Caring for an individual with Alzheimer's at home can be extremely difficult, especially if the patient is a wanderer. The tactics outlined below will help you curb dangerous wandering behaviors and prepare you in the event that your loved one wanders off and becomes lost.

  • Make your home Alzheimer's friendly so your loved one can wander safely indoors.

  • Encourage safe wandering. Accompany your loved one on walks around the neighborhood. Fenced yards allow for safe walking as well.

  • Camouflage exit doors by painting them the same color as the walls, including doorknobs. Create a further deterrent by using black electrical tape to depict a grid.

  • Label internal doors with large-print signs or pictures that denote the room's purpose. For example, put a picture of a toilet outside the bathroom door and a picture of a bed outside the bedroom door.

  • Buy a bedside commode if nighttime wandering is triggered by the need to use the bathroom.

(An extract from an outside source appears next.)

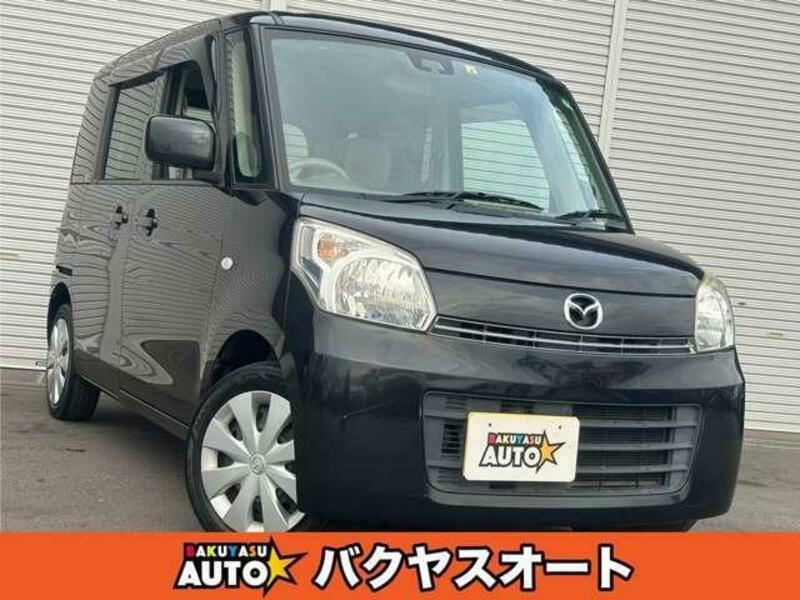MAZDA FLAIR WAGON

  • Install an alarm system that is activated by the opening of external doors.

If your loved one becomes lost:

  • Search and re-search your home (including closets and cupboards) and immediate neighborhood. Ask friends and neighbors to help.
  • Have several recent photos of your loved one on hand to distribute to all parties assisting in your search.
  • Have bedclothes or clothing ready to assist police in their search if they become involved.

Alzheimer's Safe Return Program

Despite the many precautions taken by nursing homes, caregivers and families, people with Alzheimer's are still at risk when they wander. The Alzheimer's Association Safe Return Program is a government-funded program that works with local law enforcement and emergency response agencies to help mitigate the risks when an individual wanders and becomes lost. The program's national database includes photos and information on each registered individual. In the event that the person is lost, Safe Return faxes that person's photo to local law enforcement to help in the search and rescue effort. If medical attention is required, Safe Return will supply immediate access to the patient's medical records, also stored in their database.

Combined with these efforts, Safe Return also provides jewelry, wallet cards and clothing labels to help identify the wanderer. All products are labeled with Safe Return's toll-free number. It costs $50 to register for the program, with a $25 annual renewal fee.


1 Hewawasam L. Nursing Times. 1996 May 29-Jun 4; 92 (22):41-4.